**WHAT THE TASK ASKS**
For the entries below, print exactly the lines between the line holding "Global Dog Food" and the line holding "Nylon dog rope", inclusive, and nothing else.

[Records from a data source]
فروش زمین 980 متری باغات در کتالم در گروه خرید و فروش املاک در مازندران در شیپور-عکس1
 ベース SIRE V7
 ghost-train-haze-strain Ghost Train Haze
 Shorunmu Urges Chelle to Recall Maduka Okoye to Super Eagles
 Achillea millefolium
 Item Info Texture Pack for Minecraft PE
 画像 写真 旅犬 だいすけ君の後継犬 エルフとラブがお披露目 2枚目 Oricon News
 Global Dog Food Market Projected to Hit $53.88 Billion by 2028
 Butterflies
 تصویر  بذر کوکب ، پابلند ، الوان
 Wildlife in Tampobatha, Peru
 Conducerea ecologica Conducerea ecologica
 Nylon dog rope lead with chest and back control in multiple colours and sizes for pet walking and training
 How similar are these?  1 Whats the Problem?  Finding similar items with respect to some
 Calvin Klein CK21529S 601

**TASK RESPONSE**
 Global Dog Food Market Projected to Hit $53.88 Billion by 2028
 Butterflies
 تصویر  بذر کوکب ، پابلند ، الوان
 Wildlife in Tampobatha, Peru
 Conducerea ecologica Conducerea ecologica
 Nylon dog rope lead with chest and back control in multiple colours and sizes for pet walking and training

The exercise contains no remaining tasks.